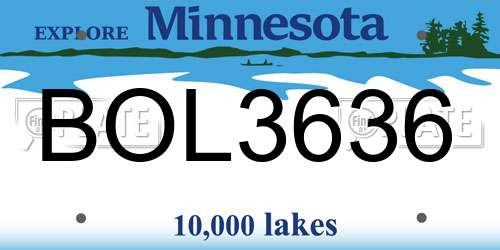 BOL3636 Minnesota License Plate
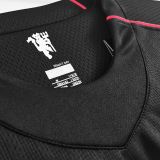 2007-08 M Utd Away Black Long Sleeve Retro Soccer Jersey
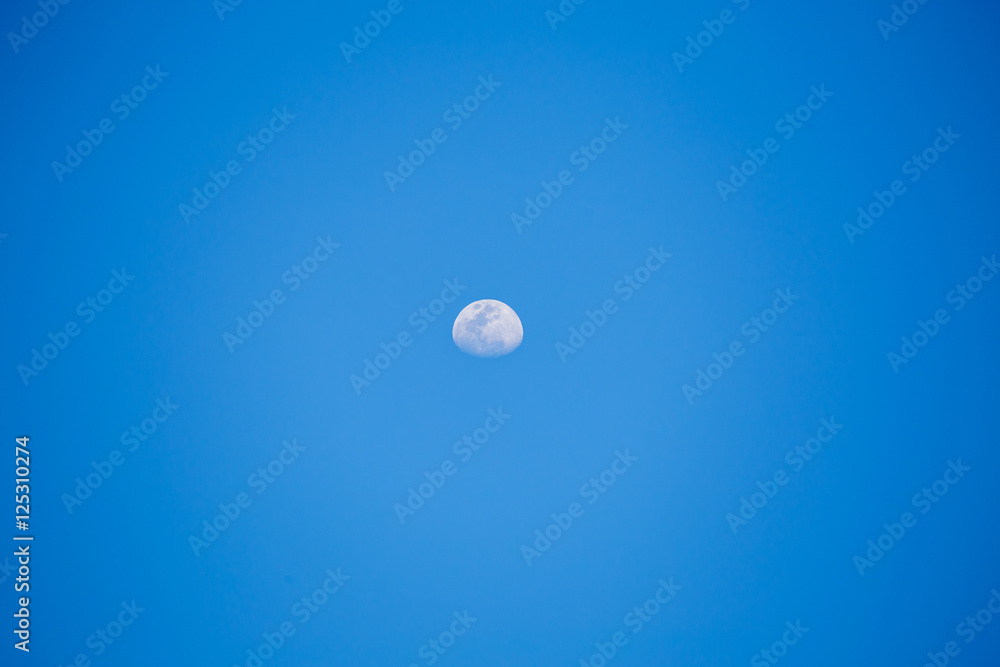 Half moon on blue sky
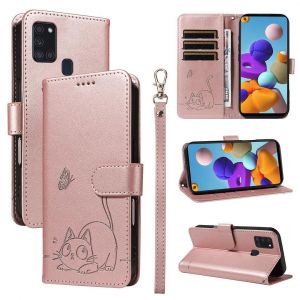 SATURCASE Coque pour Samsung Galaxy A21S, Chat Mignon PU Cuir Magn&eacute;tique Flip Portefeuille Support Porte-Carte Dragonne Protecteur Housse &Eacute;tui pour Samsung Galaxy A21S (ZC-Or rose) - Neuf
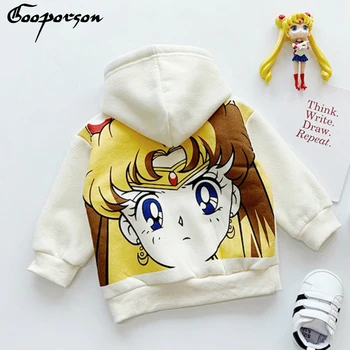 

2019 Autumn and Winter Girl's Sweatshirt New Style Thick Children Tops Hooded Clothes for Baby Girl Cartoon Printed Shirts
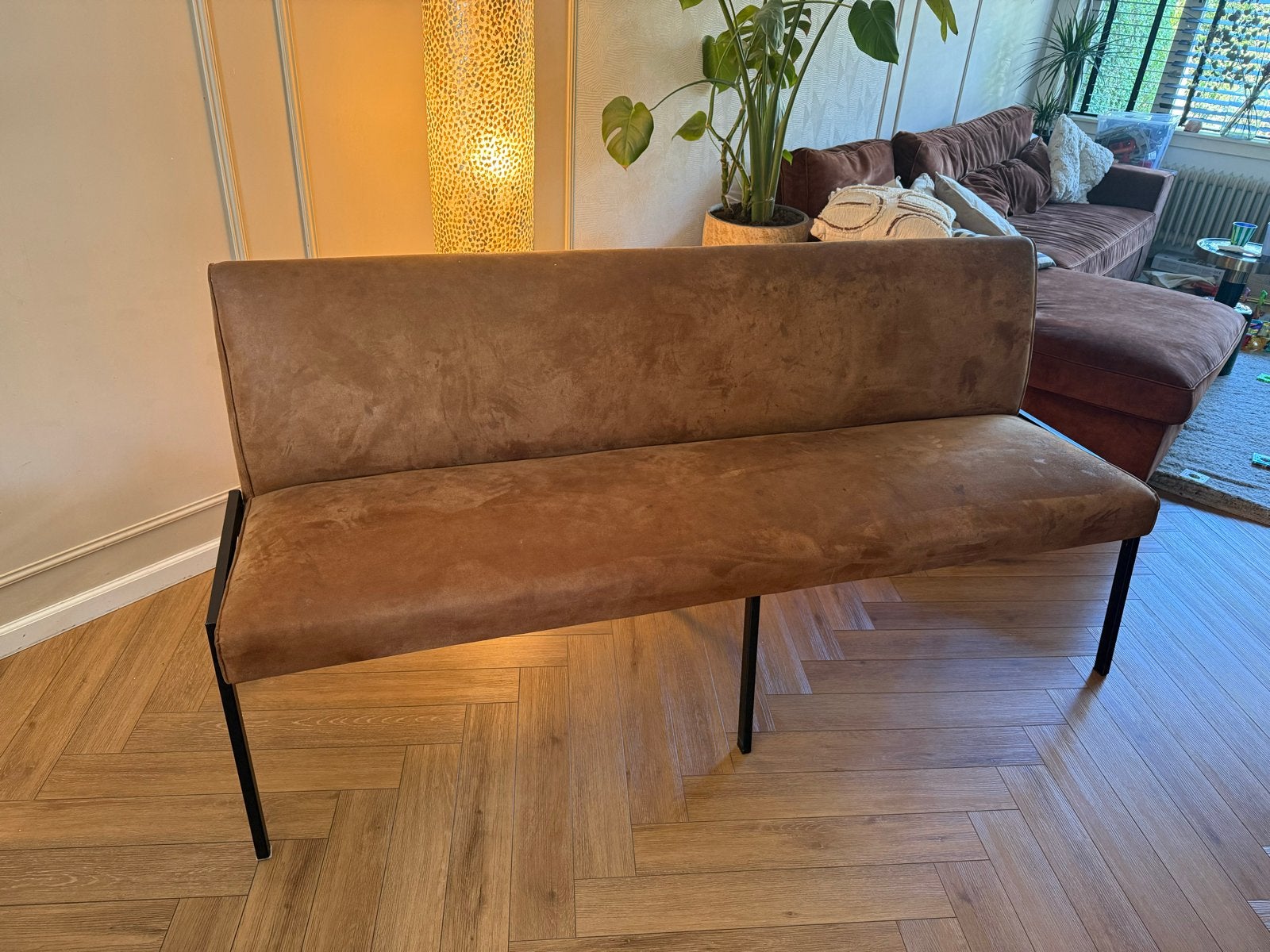 Lederen bankje met metalen poten - 180 cm breed, Ophalen, Gebruikt, Leer
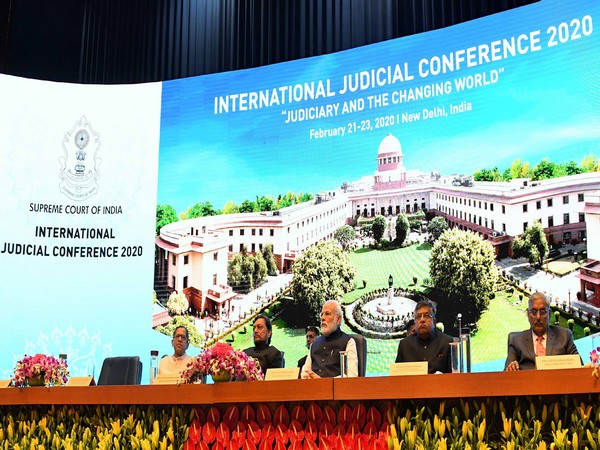 Prime Minister Narendra Modi, CJI Justice SA Bobde among others at the International Judicial Conference 2020, in New Delhi on Saturday. Photo/ANI
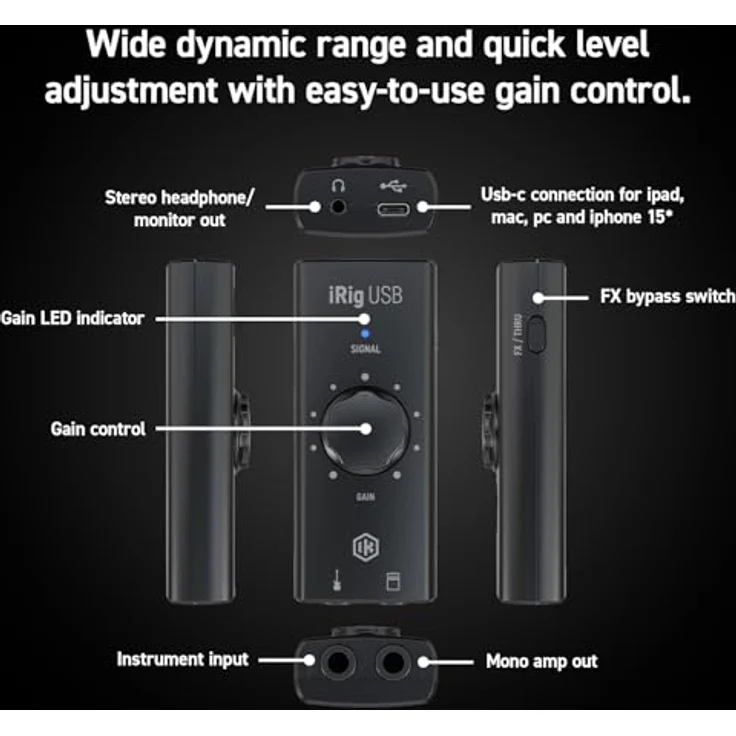 IK Multimedia iRig USB-C Gitarren-USB-Audiointerface für MAC und PC, hochauflösende Audioübertragung, AMP-Ausgang mit zwei FX/Thru-Modi, Eingangsverstärkungsregler, inkl. IK-App und Software-Paket – Bild 4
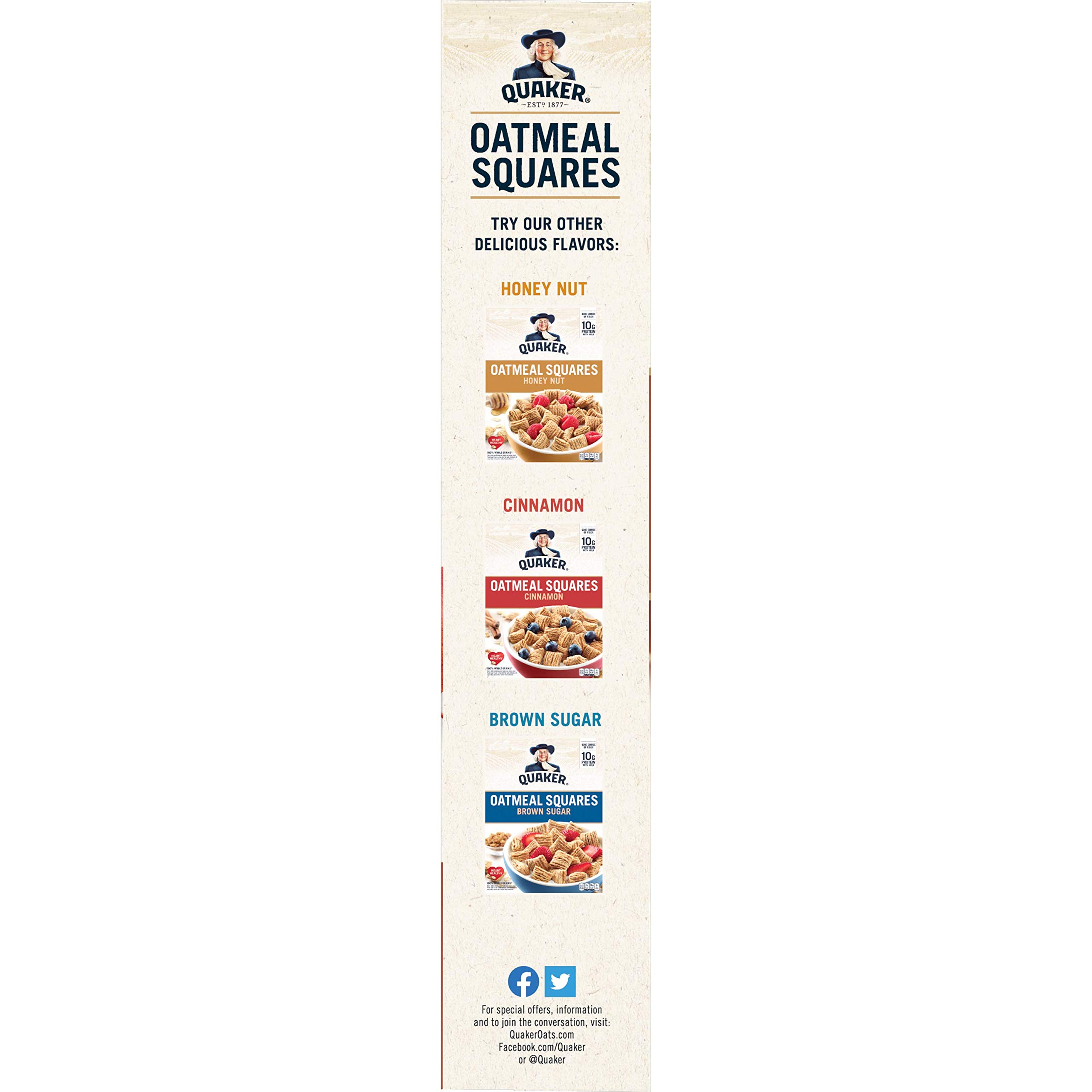 Quaker Oatmeal Squares, Golden Maple, Crunchy Oat Breakfast Cereal, 14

■ ■ ■ ■ ■ ■ ■

HOW TO COMPLETE THIS TASK:
All the records need to be set down word for word, with the images left out.

ANSWER TO THIS PROBLEM:
 BOL3636 Minnesota License Plate
 2007-08 M Utd Away Black Long Sleeve Retro Soccer Jersey
 Half moon on blue sky
 SATURCASE Coque pour Samsung Galaxy A21S, Chat Mignon PU Cuir Magn&eacute;tique Flip Portefeuille Support Porte-Carte Dragonne Protecteur Housse &Eacute;tui pour Samsung Galaxy A21S (ZC-Or rose) - Neuf

2019 Autumn and Winter Girl's Sweatshirt New Style Thick Children Tops Hooded Clothes for Baby Girl Cartoon Printed Shirts
 Lederen bankje met metalen poten - 180 cm breed, Ophalen, Gebruikt, Leer
 Prime Minister Narendra Modi, CJI Justice SA Bobde among others at the International Judicial Conference 2020, in New Delhi on Saturday. Photo/ANI
 IK Multimedia iRig USB-C Gitarren-USB-Audiointerface für MAC und PC, hochauflösende Audioübertragung, AMP-Ausgang mit zwei FX/Thru-Modi, Eingangsverstärkungsregler, inkl. IK-App und Software-Paket – Bild 4
 Quaker Oatmeal Squares, Golden Maple, Crunchy Oat Breakfast Cereal, 14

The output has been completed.